%%

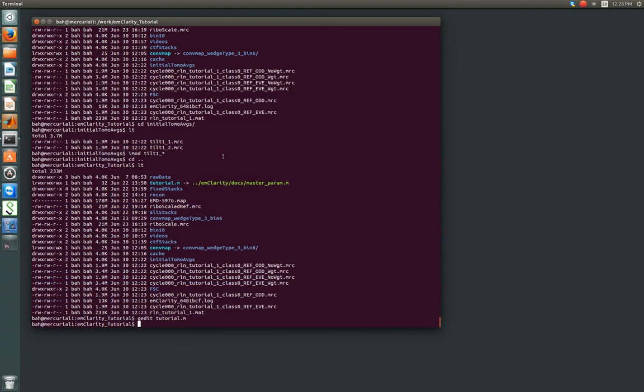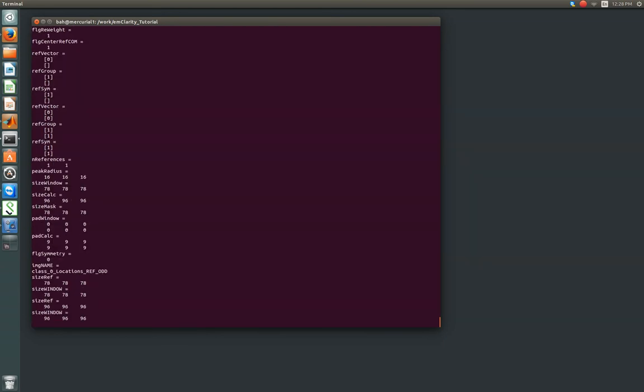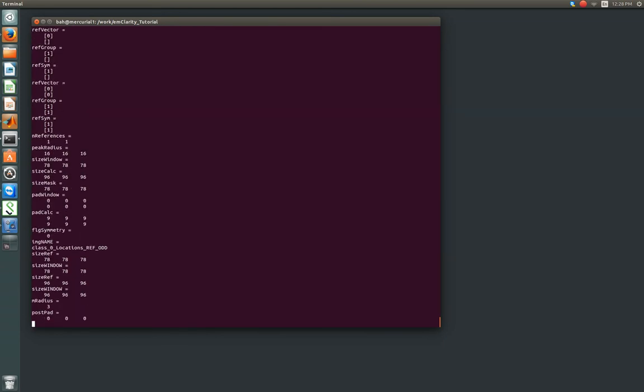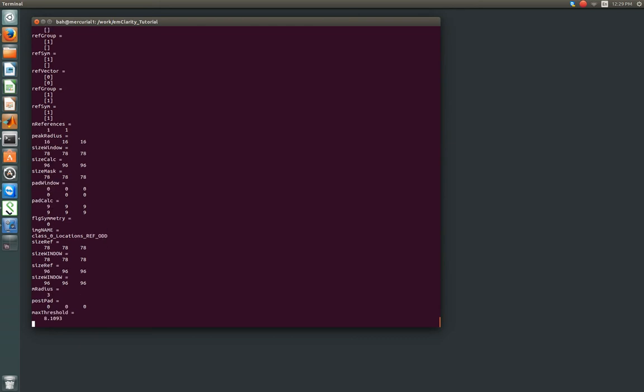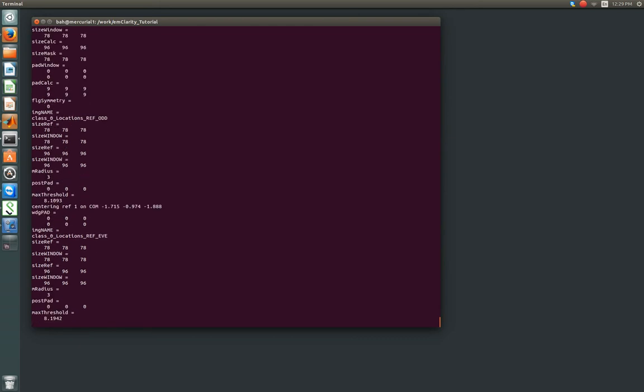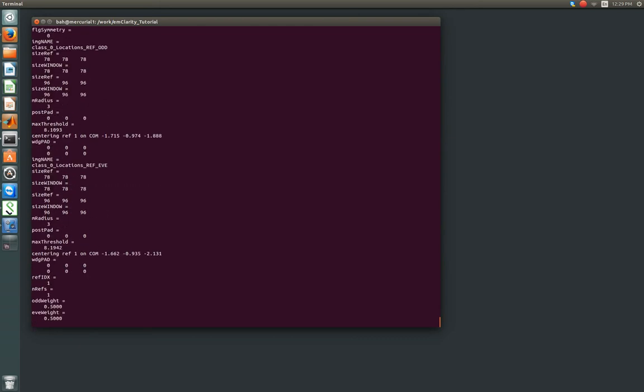We're going to call emClarity, alignraw, give it the parameter file, and there's cycle which is 0. And we'll set that off. And it will run, and it'll be good. After this finishes running, you'll then create a new average. This time running emClarity average parameter file, and now you're giving it cycle 1. And instead of no alignment, for all subsequent iterations, you're going to type raw alignment, capital R-A-W, and then alignment. And it'll, again, give you the same things. An FSC, a raw volume, the cumulative CTF, and then the re-weighted volume based on the adapted single particle wiener filter.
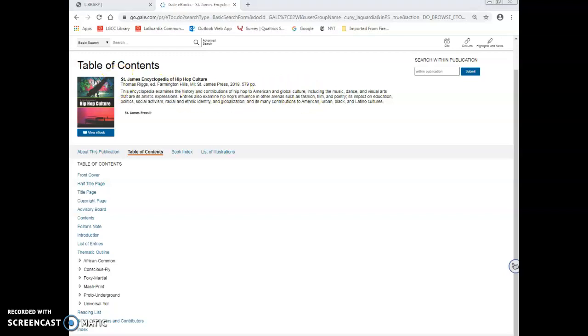You can also do basic searches of Gale eBooks in the entry box on the top left side of the page.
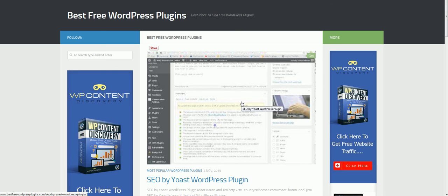Hey, it's Bill Portneau from WP Content Discovery. Just wanted to tell you about one of my favorite free WordPress themes. I like to set up video websites. This particular one is about helping people find the best free WordPress plugins.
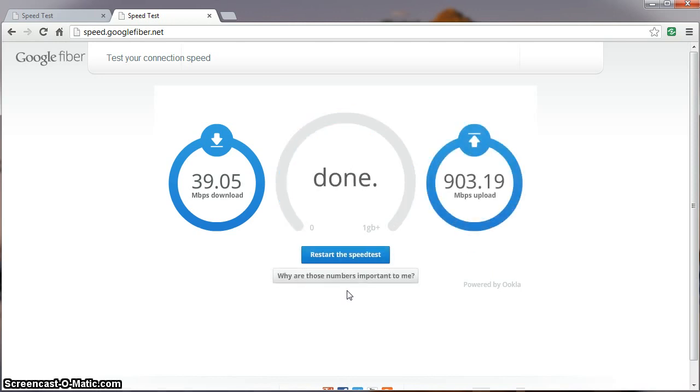So, not bad, pretty nice. Again, we're hardwired into the Google network box. Next up, we'll hardwire into the ASUS router and see what kind of speeds we get.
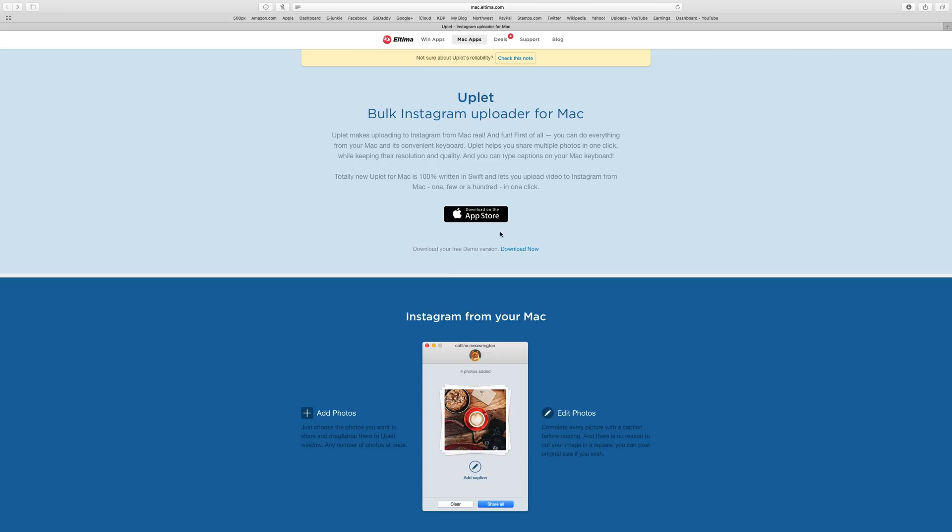That cuts out that step of getting the image onto your phone. You could just process your image on your computer and then send it right up to Instagram.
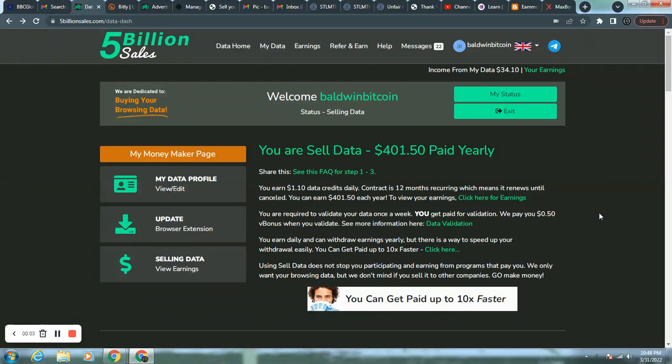Welcome to the how to succeed in business and health channel, Baldwin Bitcoin here. Today, I wanted to give you my 31st day or month update using 5 billion sales.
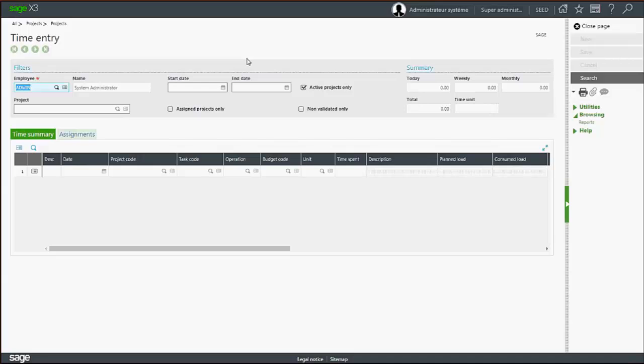As a time entry administrator, you can also search and enter and validate other employees' time entries.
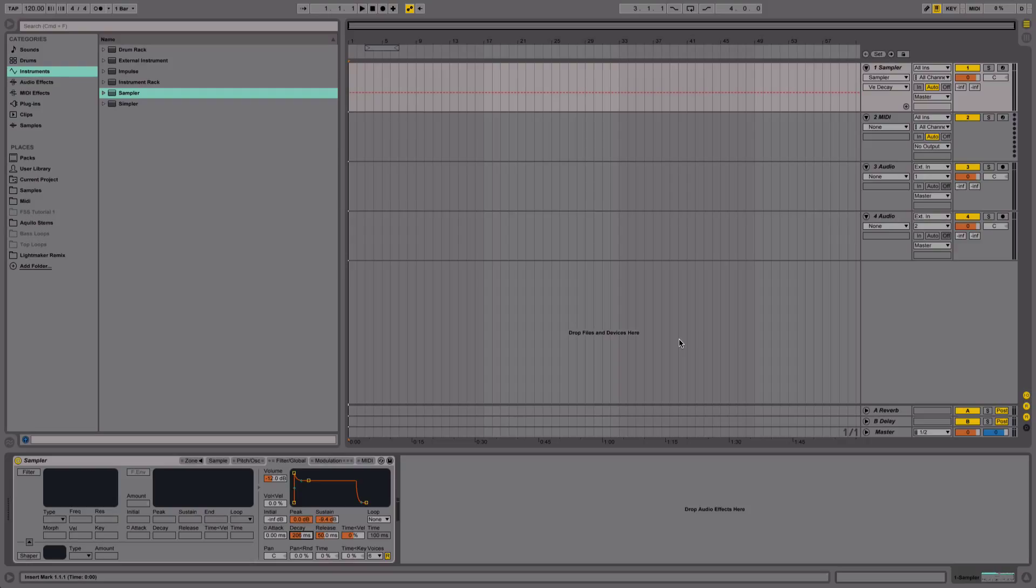When layering kicks, this is even more important, because if you don't pay close attention to the time domain, your kick is going to induce phasing and all kinds of issues like that.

%%

Exercise description: Above are some records; quote exactly and only the lines that begin at the line containing "So, not bad, pretty" and stop after the line containing "Welcome to the", leaving out the pictures.

Task solution:
So, not bad, pretty nice. Again, we're hardwired into the Google network box. Next up, we'll hardwire into the ASUS router and see what kind of speeds we get.
That cuts out that step of getting the image onto your phone. You could just process your image on your computer and then send it right up to Instagram.
Welcome to the how to succeed in business and health channel, Baldwin Bitcoin here. Today, I wanted to give you my 31st day or month update using 5 billion sales.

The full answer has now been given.